The fictional Vega Airlines aircraft was full of volunteers posing as trauma victims, and the blaze was carefully crafted for a full-scale mock emergency response training exercise.
“Today’s really about practice,” said Jody Moseley, Calgary Airport Authority. “It’s really an opportunity to take well-established procedures that we have and work with our partners to make sure that everything works well – but, I think more importantly, what’s not working well and what are the improvements that we need to make to make sure we’re ready for any situation.”
The mock emergency took months to plan, and Moseley said the airport authority is required to run the full-scale trial every year.
Multiple government and support agencies participated, including the Calgary Fire Department (CFD), Emergency Medical Services (EMS) and Calgary Police Service (CPS). None of the responders knew what would happen in the exercise to ensure that all partners are prepared for any situation.
“We look to try to make sure that the scenarios are never the same, because the incidents at the airport are never the same,” said Moseley.

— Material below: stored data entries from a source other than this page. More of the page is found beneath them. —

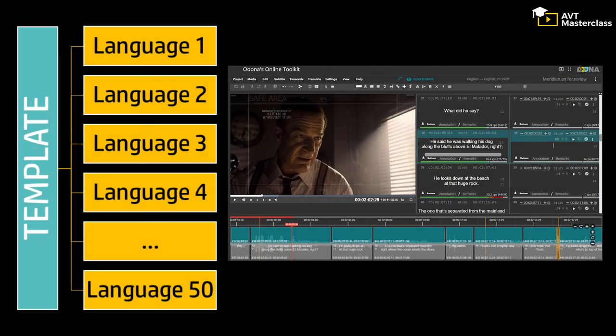And then once you have this template, you will send it to those 50 different subtitlers who will translate, but they will not have to do the time-coding.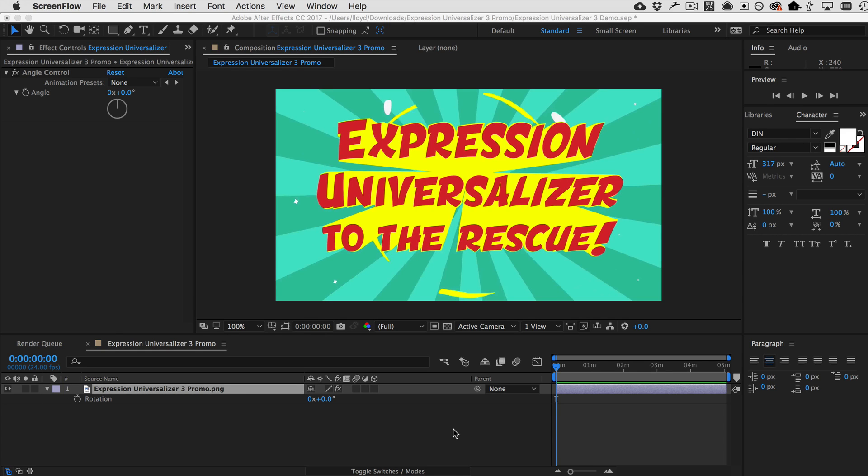Welcome to this quick demo of Expression Universalizer. What does Expression Universalizer do?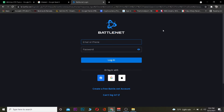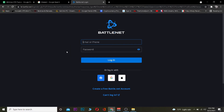Once you're on the login page, you want to enter your email address or your phone number — whichever you used when you created your Blizzard account. After entering your email or phone number, you want to enter your password. Then click on where it says 'Login,' and if your email and password are correct, you should be able to log in to your account.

This year, the scenario involved a jet-fuel leak and subsequent fire during take-off. The CFD was on scene within a minute of the fire and EMS arrived shortly after to treat burn victims and address the casualties.
EMS Spokesperson Stuart Brideaux said the exercise is a way for first responders to test themselves, as well as the communication between all the partners involved to make sure all travellers and employees are safe.
“It’s an opportunity to try and apply a sort of a command structure, or bring some organization to what can otherwise be a very disorganized or almost chaotic event,” said Brideaux.
“We need to work with the partner agencies to make this successful, not only from an EMS perspective being in a pre-hospital environment, we also have to factor into how this relates to the health care system in the hospitals as well.”